--- Task to carry out ---
Except for images, print the whole listing verbatim.

--- Data ---
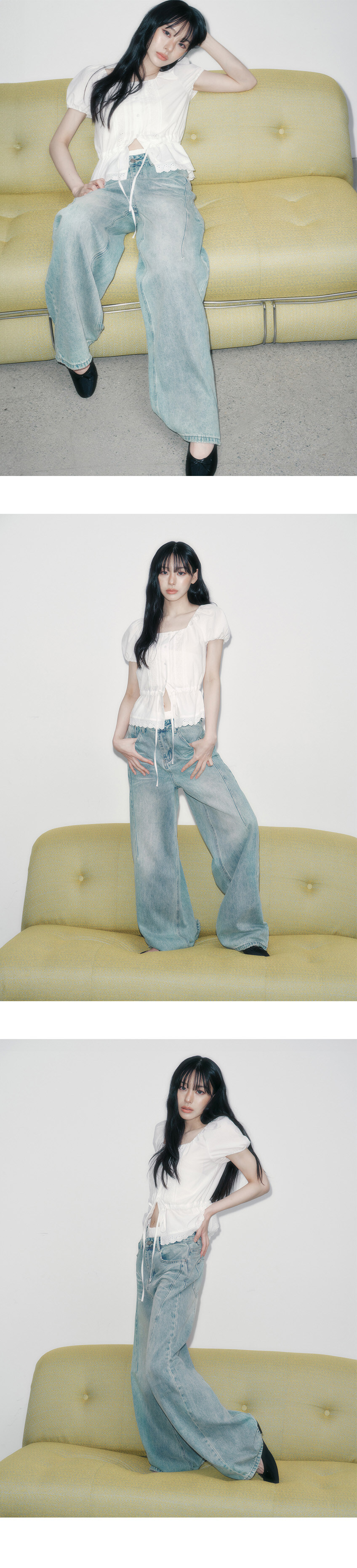 ★RAIVE★ Wide Denim Pants in L/Blue VJ4ML185AM Wide Denim Pants in L/Blue VJ4ML185-AM - 레이브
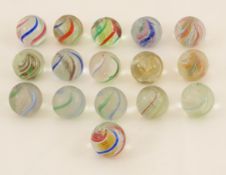 16 Handmade German Swirl Marbles 21/32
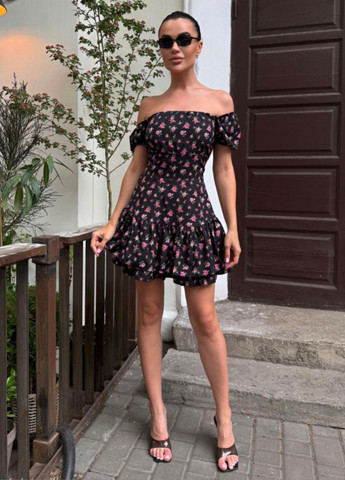 Чорна повсякденний мінісукня приталеного крою з оборкою з пишною спідницею Україна з квітковим принтом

--- Completed exercise ---
 ★RAIVE★ Wide Denim Pants in L/Blue VJ4ML185AM Wide Denim Pants in L/Blue VJ4ML185-AM - 레이브
 16 Handmade German Swirl Marbles 21/32
 Чорна повсякденний мінісукня приталеного крою з оборкою з пишною спідницею Україна з квітковим принтом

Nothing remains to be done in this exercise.